Mammograms are routine. For people who use wheelchairs, they're anything but
CBC
The last time Martha Twibanire had a mammogram, she had to call three different clinics before finding one that would accommodate her wheelchair.
That was more than four years ago. The experience was so bad she hasn't booked another since.
Twibanire said staff first tried to make her stand up rather than stay in her wheelchair, something she told them wasn't possible. The staff seemed frustrated and unsure how to proceed after that, she said.
Then they took her breast, squeezed and pulled it to try to get it to reach the machine.
"Really, I was in pain, too much pain," she said in an interview from her apartment in Montreal.
"You feel uncomfortable and you feel not welcome," she said.
"I cannot go back there."
Advocates in Quebec say Twibanire's experience highlights a years-long problem for people in wheelchairs when they try to access mammograms.
A Quebec advocacy group, The Regroupement des activistes pour l'inclusion au Québec (RAPLIQ), recently contacted 94 clinics across the province that offer mammograms. The result, they said, was that 43 per cent advised they couldn't accommodate people who use wheelchairs.
It was the group's fourth time surveying clinics since 2014, and it says the situation has not improved.
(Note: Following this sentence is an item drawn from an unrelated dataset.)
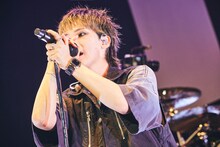 YOSUKE（Vo）（撮影：鳥居洋介）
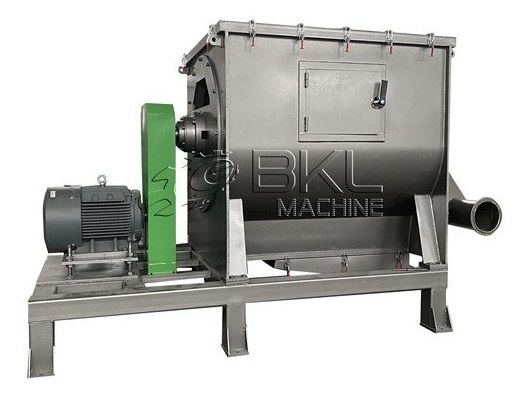 Horizontal centrifugal dryer with stainless steel housing, hinged inspection door and belt-driven motor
The group said clinics gave a range of reasons, including the accessibility of the buildings and limitations of the mammogram machine.
"Every reason is good to tell us that no, they don't want us," said Linda Gauthier, who uses a wheelchair and is RAPLIQ's co-founder.
Her last mammogram was in 2014, an experience she describes as humiliating.
Like Twibanire, she was also asked to stand but wasn't able to.